* [WORK INSTRUCTION] Print, please, exactly the lines from the one with "Eastern Heights Land Cos 07 - Residential" through the final line of the data below, with both ends included and the pictures left out.

* [DATASET SECTION]
■ ■ ■ ■ ■

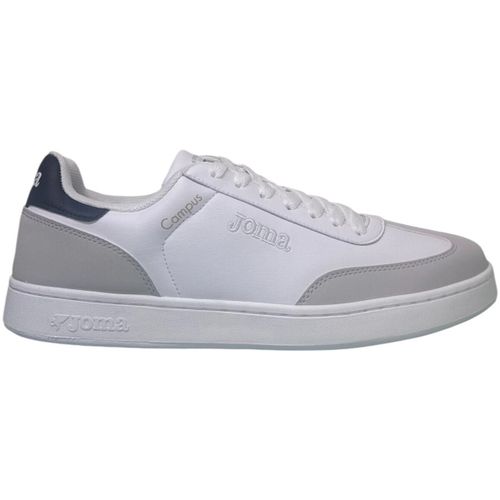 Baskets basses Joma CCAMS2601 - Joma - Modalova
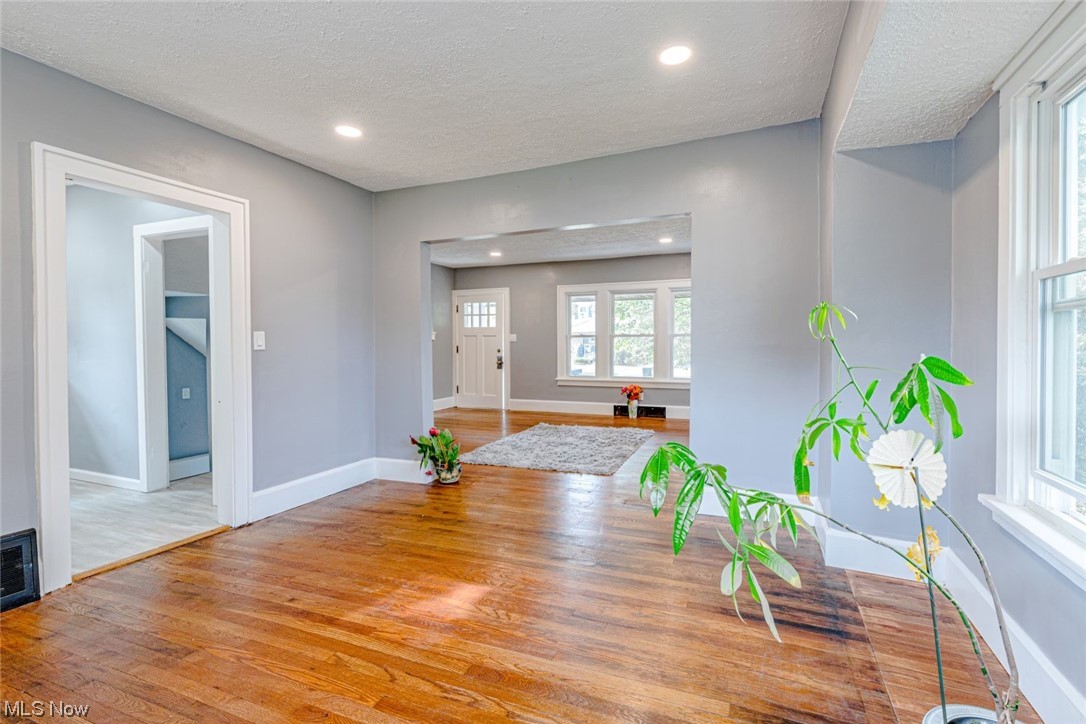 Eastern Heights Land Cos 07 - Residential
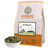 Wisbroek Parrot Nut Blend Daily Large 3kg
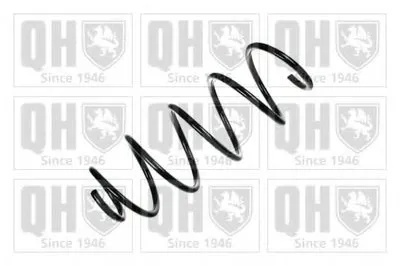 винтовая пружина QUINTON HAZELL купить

■ ■ ■ ■ ■

* [REPLY TO THE EXERCISE]
 Eastern Heights Land Cos 07 - Residential
 Wisbroek Parrot Nut Blend Daily Large 3kg
 винтовая пружина QUINTON HAZELL купить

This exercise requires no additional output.